De qué trata

En marzo de 2022, en Medellín, mientras la madre de S.J.M. —una niña de 8 años— la dejó al cuidado de una vecina que se ausentó por un momento, el compañero sentimental de la cuidadora, A.A.M., aprovechó ese lapso para tocarla sexualmente. La Fiscalía imputó actos sexuales con menor de catorce años agravado y luego, en la acusación, varió la calificación a acceso carnal abusivo agravado. El juzgado de conocimiento absolvió en febrero de 2024. El Tribunal Superior de Medellín revocó y condenó, por primera vez, por actos sexuales con menor de catorce años, tras sostener que la única versión de la niña susceptible de valoración era la rendida en el juicio, porque sus declaraciones previas no se habían incorporado como prueba de referencia. La defensa acudió a la impugnación especial y pidió la nulidad del fallo, al considerar que el Tribunal aplicó el criterio que él mismo censuró cuando valoró los testimonios de la docente y de la investigadora que recibieron el relato previo de la niña, y subsidiariamente cuestionó el soporte probatorio de la condena.

Qué decidió la Corte

La Sala, con ponencia del magistrado Gerson Chaverra Castro, negó la nulidad y confirmó la condena. Reiteró que la nulidad es un remedio extremo sujeto a los principios de taxatividad, protección, convalidación, instrumentalidad, trascendencia, residualidad y acreditación, y que el desacuerdo con el análisis probatorio del Tribunal plantea un debate sobre el juicio de responsabilidad, no un vicio de estructura o de garantía. Recordó que en los delitos sexuales el testimonio de la víctima es pieza fundamental, porque el agresor busca o aprovecha ambientes de soledad, y debe valorarse mediante corroboración periférica, con datos externos que hagan más creíble su relato.

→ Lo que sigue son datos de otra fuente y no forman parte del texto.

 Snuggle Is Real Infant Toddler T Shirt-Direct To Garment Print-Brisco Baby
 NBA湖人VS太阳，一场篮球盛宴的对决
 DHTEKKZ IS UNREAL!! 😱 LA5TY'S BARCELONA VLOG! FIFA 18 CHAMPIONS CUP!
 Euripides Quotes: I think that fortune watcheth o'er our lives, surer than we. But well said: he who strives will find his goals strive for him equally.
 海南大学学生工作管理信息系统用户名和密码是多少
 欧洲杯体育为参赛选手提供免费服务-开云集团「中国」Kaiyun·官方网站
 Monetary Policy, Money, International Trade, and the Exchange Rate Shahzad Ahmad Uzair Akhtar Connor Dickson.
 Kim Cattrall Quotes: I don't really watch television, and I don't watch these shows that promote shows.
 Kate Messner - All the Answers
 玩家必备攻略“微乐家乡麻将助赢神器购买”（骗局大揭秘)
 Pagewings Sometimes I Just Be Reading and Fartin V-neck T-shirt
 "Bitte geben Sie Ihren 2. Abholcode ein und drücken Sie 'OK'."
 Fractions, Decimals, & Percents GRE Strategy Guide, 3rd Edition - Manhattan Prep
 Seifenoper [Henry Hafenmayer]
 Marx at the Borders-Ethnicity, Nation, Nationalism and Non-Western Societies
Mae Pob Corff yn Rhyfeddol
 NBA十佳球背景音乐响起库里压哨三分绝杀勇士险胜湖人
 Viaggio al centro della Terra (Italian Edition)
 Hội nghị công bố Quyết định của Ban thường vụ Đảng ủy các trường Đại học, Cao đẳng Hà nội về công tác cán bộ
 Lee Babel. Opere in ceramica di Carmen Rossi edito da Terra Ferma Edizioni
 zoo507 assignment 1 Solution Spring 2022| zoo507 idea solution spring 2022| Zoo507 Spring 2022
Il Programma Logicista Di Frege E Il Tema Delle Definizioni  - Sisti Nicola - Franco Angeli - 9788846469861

Sobre la prueba de referencia, explicó que las declaraciones anteriores al juicio de niños, niñas y adolescentes víctimas de delitos sexuales están exceptuadas del juicio de admisibilidad por el literal e) del artículo 438 de la Ley 906 de 2004, pero su apreciación exige descubrimiento oportuno, solicitud de incorporación y reproducción en el debate oral, sin que puedan sustentar por sí solas la condena. Precisó, contrario a lo concluido por el Tribunal, que esas versiones sí eran valorables en este proceso, porque los testimonios de quienes las recibieron fueron descubiertos y la Fiscalía pidió su incorporación en la audiencia preparatoria justificando expresamente su pertinencia como corroboración periférica del relato de la niña, petición que la jueza acogió, sin que fuera necesaria una fórmula sacramental distinta de cumplir la carga de justificar conducencia y pertinencia conforme a los artículos 337, 356 y 357 de la Ley 906 de 2004. Valorada de forma integral la prueba practicada en el juicio —incluido el testimonio de la niña, corroborado por su progenitora y por una docente que no la conocía—, concluyó que se alcanzó el conocimiento más allá de duda razonable que exige el artículo 381 sobre la conducta y la responsabilidad.

Por qué importa

Es una guía práctica sobre el debido proceso probatorio con niñas y niños víctimas de delitos sexuales. Muestra que la exención del juicio de admisibilidad no releva a la parte interesada de descubrir la declaración previa, pedir su incorporación y reproducirla en el juicio, y que el juez no puede valorarla de oficio. A la vez, corrige una lectura restrictiva del ad quem y recuerda que la solicitud probatoria formulada con justificación de pertinencia basta, sin fórmulas rituales.